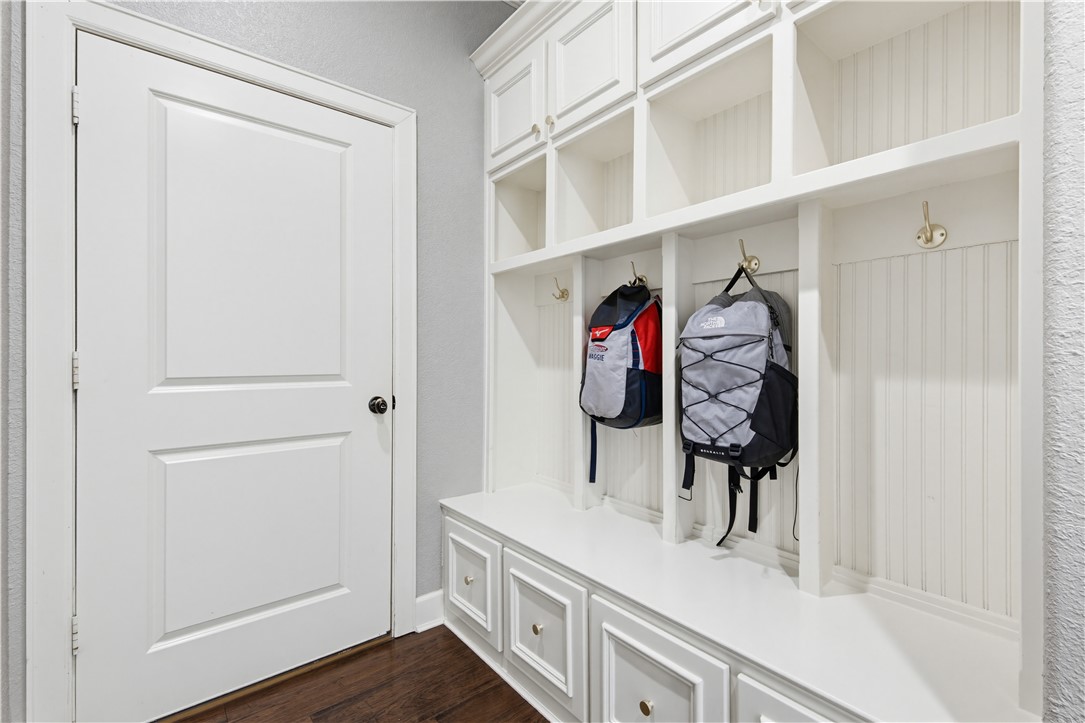 Polo Country Estates Sub - Residential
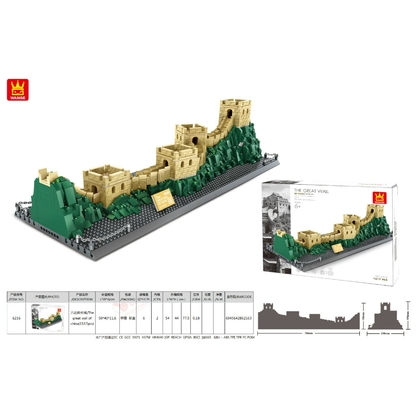 Фото, Видеообзоры 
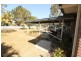 84 Rose Street, Koongal QLD 4701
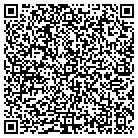 QR code with Community Foundation of SE KS contacts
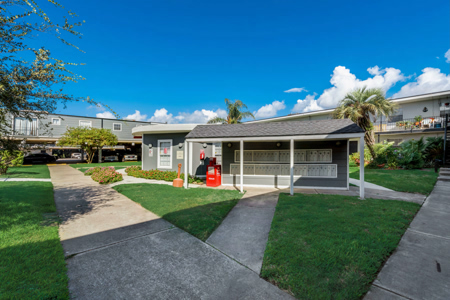 8020 Stewart Rd _ 13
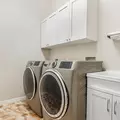 Coliving in Cape Coral - Cape Coral, Fort Myers
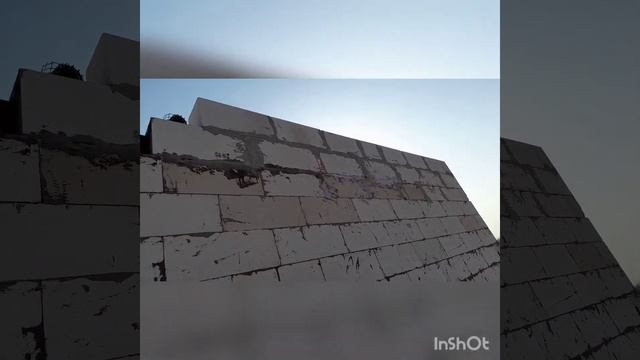 Деревянные перекрытия,своими руками, в доме из газобетона.,доска200×50 смотреть онлайн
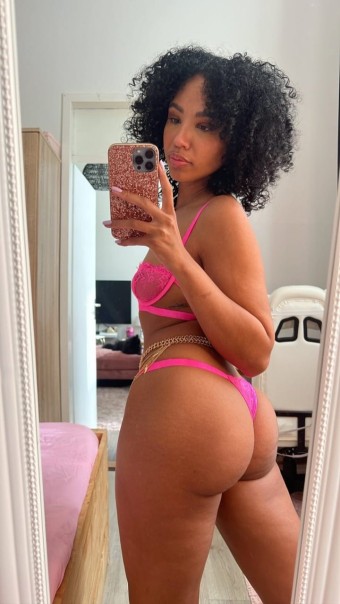 ❤️❤️❤️❤️❤️❤️❤️❤️ ❤️❤️❤️❤️❤️❤️❤️❤️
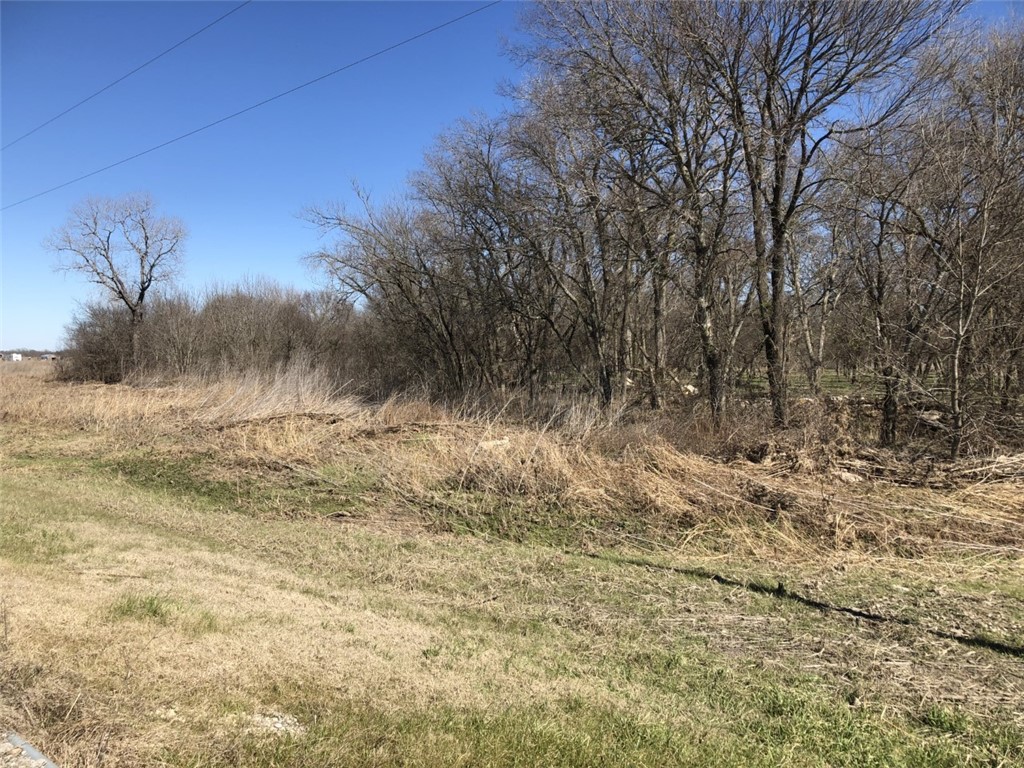 472 County Road 428 Taylor, TX 76574 - Photo 2 of 2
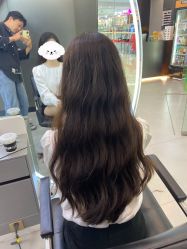 点击看大图 -Cima salon西玛沙龙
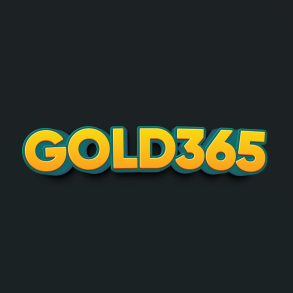 Gold365 Winn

----

▶ [Task details]: Pictures aside, write out verbatim every line from the first line of the material through the line holding "Coliving in Cape".

▶ [Task solution]:
 Polo Country Estates Sub - Residential
 Фото, Видеообзоры 
 84 Rose Street, Koongal QLD 4701
 QR code with Community Foundation of SE KS contacts
 8020 Stewart Rd _ 13
 Coliving in Cape Coral - Cape Coral, Fort Myers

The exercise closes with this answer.